== WHAT YOU ARE ASKED TO DO ==
Write every line of the material again exactly, with no pictures in the copy.

== DATA PROVIDED ==
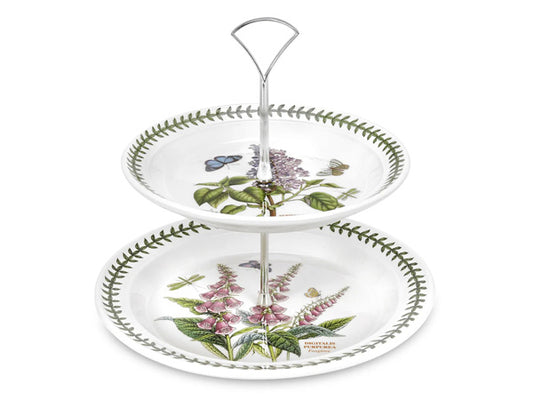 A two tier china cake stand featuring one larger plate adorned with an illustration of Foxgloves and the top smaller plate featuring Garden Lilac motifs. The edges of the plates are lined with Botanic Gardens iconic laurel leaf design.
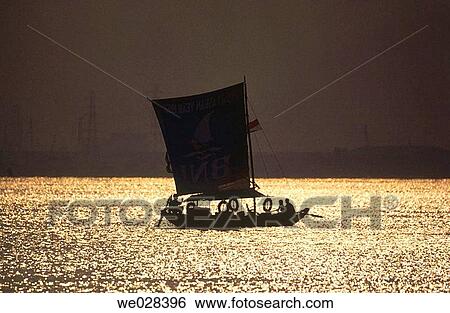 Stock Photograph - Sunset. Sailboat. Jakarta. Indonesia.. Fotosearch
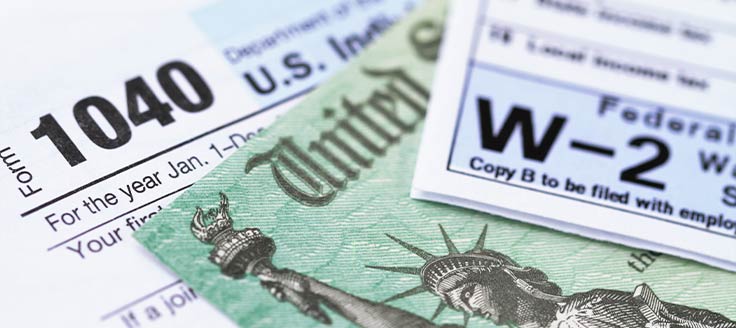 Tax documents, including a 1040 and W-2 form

== RESPONSE TO THE EXERCISE ==
 A two tier china cake stand featuring one larger plate adorned with an illustration of Foxgloves and the top smaller plate featuring Garden Lilac motifs. The edges of the plates are lined with Botanic Gardens iconic laurel leaf design.
 Stock Photograph - Sunset. Sailboat. Jakarta. Indonesia.. Fotosearch
 Tax documents, including a 1040 and W-2 form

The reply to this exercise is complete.